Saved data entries

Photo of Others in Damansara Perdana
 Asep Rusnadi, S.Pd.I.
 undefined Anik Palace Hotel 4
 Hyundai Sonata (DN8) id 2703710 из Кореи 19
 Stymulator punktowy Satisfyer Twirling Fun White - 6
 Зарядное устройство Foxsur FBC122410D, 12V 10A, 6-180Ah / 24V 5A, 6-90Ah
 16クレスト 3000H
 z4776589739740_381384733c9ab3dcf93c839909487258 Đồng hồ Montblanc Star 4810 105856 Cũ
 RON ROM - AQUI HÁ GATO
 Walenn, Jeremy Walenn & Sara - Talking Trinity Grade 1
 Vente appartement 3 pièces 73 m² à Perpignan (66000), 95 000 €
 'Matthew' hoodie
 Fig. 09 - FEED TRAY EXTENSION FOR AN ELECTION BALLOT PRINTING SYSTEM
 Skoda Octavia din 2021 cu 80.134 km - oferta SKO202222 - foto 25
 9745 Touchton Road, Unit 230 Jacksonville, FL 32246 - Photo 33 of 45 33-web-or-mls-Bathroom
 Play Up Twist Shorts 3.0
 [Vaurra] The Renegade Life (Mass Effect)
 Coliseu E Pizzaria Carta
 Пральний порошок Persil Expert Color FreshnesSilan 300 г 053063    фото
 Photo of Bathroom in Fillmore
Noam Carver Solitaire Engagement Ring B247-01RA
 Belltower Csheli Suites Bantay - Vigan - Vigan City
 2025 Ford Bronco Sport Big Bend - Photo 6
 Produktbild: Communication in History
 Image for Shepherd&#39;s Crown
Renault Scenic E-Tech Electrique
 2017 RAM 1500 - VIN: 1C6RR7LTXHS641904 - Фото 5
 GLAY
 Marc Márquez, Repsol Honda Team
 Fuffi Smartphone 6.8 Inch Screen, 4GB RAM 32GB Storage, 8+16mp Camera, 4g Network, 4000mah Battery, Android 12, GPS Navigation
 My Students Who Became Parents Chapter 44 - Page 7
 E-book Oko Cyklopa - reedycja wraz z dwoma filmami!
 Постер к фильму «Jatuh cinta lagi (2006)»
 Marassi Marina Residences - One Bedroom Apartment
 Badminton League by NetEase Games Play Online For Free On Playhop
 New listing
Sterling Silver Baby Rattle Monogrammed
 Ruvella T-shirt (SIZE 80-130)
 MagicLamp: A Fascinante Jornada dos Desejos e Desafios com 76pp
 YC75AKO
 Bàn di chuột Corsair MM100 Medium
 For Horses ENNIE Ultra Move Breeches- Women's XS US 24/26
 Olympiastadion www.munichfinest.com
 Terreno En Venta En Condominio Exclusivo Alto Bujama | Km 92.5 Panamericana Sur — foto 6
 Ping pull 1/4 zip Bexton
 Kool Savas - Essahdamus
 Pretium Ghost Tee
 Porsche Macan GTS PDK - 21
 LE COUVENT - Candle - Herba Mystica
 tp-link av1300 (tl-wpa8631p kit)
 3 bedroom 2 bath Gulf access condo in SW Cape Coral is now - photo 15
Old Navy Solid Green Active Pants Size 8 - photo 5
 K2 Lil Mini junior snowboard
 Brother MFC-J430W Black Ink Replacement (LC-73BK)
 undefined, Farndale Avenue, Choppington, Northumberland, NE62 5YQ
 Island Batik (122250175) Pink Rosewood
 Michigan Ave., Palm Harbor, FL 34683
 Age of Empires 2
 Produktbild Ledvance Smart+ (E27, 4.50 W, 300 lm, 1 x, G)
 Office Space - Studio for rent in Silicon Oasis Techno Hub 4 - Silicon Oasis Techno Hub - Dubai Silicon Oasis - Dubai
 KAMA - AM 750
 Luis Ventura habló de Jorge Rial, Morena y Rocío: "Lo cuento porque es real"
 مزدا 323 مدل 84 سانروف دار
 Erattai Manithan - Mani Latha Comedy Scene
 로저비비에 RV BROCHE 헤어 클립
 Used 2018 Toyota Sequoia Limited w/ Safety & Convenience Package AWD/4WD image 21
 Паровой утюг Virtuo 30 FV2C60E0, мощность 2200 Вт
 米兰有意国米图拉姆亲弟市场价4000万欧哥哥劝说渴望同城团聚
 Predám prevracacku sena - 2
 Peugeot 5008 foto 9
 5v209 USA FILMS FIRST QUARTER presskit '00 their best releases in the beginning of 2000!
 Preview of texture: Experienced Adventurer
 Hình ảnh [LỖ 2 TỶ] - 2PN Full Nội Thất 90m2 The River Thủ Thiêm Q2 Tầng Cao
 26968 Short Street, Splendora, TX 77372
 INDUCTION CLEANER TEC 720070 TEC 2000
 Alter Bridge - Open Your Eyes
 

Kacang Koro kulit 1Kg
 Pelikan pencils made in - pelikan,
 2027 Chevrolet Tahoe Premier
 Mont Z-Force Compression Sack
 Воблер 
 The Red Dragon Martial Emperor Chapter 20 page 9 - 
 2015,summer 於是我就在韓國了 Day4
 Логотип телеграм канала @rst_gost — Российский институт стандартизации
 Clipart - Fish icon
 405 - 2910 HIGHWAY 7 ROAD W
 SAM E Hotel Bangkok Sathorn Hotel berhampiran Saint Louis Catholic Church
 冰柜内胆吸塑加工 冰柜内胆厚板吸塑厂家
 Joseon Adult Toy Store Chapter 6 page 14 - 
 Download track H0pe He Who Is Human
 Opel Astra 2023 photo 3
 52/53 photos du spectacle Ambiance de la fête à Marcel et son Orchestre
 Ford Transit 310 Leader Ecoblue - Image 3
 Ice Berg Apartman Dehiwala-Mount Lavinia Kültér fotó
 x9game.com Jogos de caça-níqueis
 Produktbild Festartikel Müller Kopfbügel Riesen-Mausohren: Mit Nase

• Task item:
The data above should be copied exactly, with no line omitted.

• Response to this task:
Photo of Others in Damansara Perdana
 Asep Rusnadi, S.Pd.I.
 undefined Anik Palace Hotel 4
 Hyundai Sonata (DN8) id 2703710 из Кореи 19
 Stymulator punktowy Satisfyer Twirling Fun White - 6
 Зарядное устройство Foxsur FBC122410D, 12V 10A, 6-180Ah / 24V 5A, 6-90Ah
 16クレスト 3000H
 z4776589739740_381384733c9ab3dcf93c839909487258 Đồng hồ Montblanc Star 4810 105856 Cũ
 RON ROM - AQUI HÁ GATO
 Walenn, Jeremy Walenn & Sara - Talking Trinity Grade 1
 Vente appartement 3 pièces 73 m² à Perpignan (66000), 95 000 €
 'Matthew' hoodie
 Fig. 09 - FEED TRAY EXTENSION FOR AN ELECTION BALLOT PRINTING SYSTEM
 Skoda Octavia din 2021 cu 80.134 km - oferta SKO202222 - foto 25
 9745 Touchton Road, Unit 230 Jacksonville, FL 32246 - Photo 33 of 45 33-web-or-mls-Bathroom
 Play Up Twist Shorts 3.0
 [Vaurra] The Renegade Life (Mass Effect)
 Coliseu E Pizzaria Carta
 Пральний порошок Persil Expert Color FreshnesSilan 300 г 053063    фото
 Photo of Bathroom in Fillmore
Noam Carver Solitaire Engagement Ring B247-01RA
 Belltower Csheli Suites Bantay - Vigan - Vigan City
 2025 Ford Bronco Sport Big Bend - Photo 6
 Produktbild: Communication in History
 Image for Shepherd&#39;s Crown
Renault Scenic E-Tech Electrique
 2017 RAM 1500 - VIN: 1C6RR7LTXHS641904 - Фото 5
 GLAY
 Marc Márquez, Repsol Honda Team
 Fuffi Smartphone 6.8 Inch Screen, 4GB RAM 32GB Storage, 8+16mp Camera, 4g Network, 4000mah Battery, Android 12, GPS Navigation
 My Students Who Became Parents Chapter 44 - Page 7
 E-book Oko Cyklopa - reedycja wraz z dwoma filmami!
 Постер к фильму «Jatuh cinta lagi (2006)»
 Marassi Marina Residences - One Bedroom Apartment
 Badminton League by NetEase Games Play Online For Free On Playhop
 New listing
Sterling Silver Baby Rattle Monogrammed
 Ruvella T-shirt (SIZE 80-130)
 MagicLamp: A Fascinante Jornada dos Desejos e Desafios com 76pp
 YC75AKO
 Bàn di chuột Corsair MM100 Medium
 For Horses ENNIE Ultra Move Breeches- Women's XS US 24/26
 Olympiastadion www.munichfinest.com
 Terreno En Venta En Condominio Exclusivo Alto Bujama | Km 92.5 Panamericana Sur — foto 6
 Ping pull 1/4 zip Bexton
 Kool Savas - Essahdamus
 Pretium Ghost Tee
 Porsche Macan GTS PDK - 21
 LE COUVENT - Candle - Herba Mystica
 tp-link av1300 (tl-wpa8631p kit)
 3 bedroom 2 bath Gulf access condo in SW Cape Coral is now - photo 15
Old Navy Solid Green Active Pants Size 8 - photo 5
 K2 Lil Mini junior snowboard
 Brother MFC-J430W Black Ink Replacement (LC-73BK)
 undefined, Farndale Avenue, Choppington, Northumberland, NE62 5YQ
 Island Batik (122250175) Pink Rosewood
 Michigan Ave., Palm Harbor, FL 34683
 Age of Empires 2
 Produktbild Ledvance Smart+ (E27, 4.50 W, 300 lm, 1 x, G)
 Office Space - Studio for rent in Silicon Oasis Techno Hub 4 - Silicon Oasis Techno Hub - Dubai Silicon Oasis - Dubai
 KAMA - AM 750
 Luis Ventura habló de Jorge Rial, Morena y Rocío: "Lo cuento porque es real"
 مزدا 323 مدل 84 سانروف دار
 Erattai Manithan - Mani Latha Comedy Scene
 로저비비에 RV BROCHE 헤어 클립
 Used 2018 Toyota Sequoia Limited w/ Safety & Convenience Package AWD/4WD image 21
 Паровой утюг Virtuo 30 FV2C60E0, мощность 2200 Вт
 米兰有意国米图拉姆亲弟市场价4000万欧哥哥劝说渴望同城团聚
 Predám prevracacku sena - 2
 Peugeot 5008 foto 9
 5v209 USA FILMS FIRST QUARTER presskit '00 their best releases in the beginning of 2000!
 Preview of texture: Experienced Adventurer
 Hình ảnh [LỖ 2 TỶ] - 2PN Full Nội Thất 90m2 The River Thủ Thiêm Q2 Tầng Cao
 26968 Short Street, Splendora, TX 77372
 INDUCTION CLEANER TEC 720070 TEC 2000
 Alter Bridge - Open Your Eyes
 

Kacang Koro kulit 1Kg
 Pelikan pencils made in - pelikan,
 2027 Chevrolet Tahoe Premier
 Mont Z-Force Compression Sack
 Воблер 
 The Red Dragon Martial Emperor Chapter 20 page 9 - 
 2015,summer 於是我就在韓國了 Day4
 Логотип телеграм канала @rst_gost — Российский институт стандартизации
 Clipart - Fish icon
 405 - 2910 HIGHWAY 7 ROAD W
 SAM E Hotel Bangkok Sathorn Hotel berhampiran Saint Louis Catholic Church
 冰柜内胆吸塑加工 冰柜内胆厚板吸塑厂家
 Joseon Adult Toy Store Chapter 6 page 14 - 
 Download track H0pe He Who Is Human
 Opel Astra 2023 photo 3
 52/53 photos du spectacle Ambiance de la fête à Marcel et son Orchestre
 Ford Transit 310 Leader Ecoblue - Image 3
 Ice Berg Apartman Dehiwala-Mount Lavinia Kültér fotó
 x9game.com Jogos de caça-níqueis
 Produktbild Festartikel Müller Kopfbügel Riesen-Mausohren: Mit Nase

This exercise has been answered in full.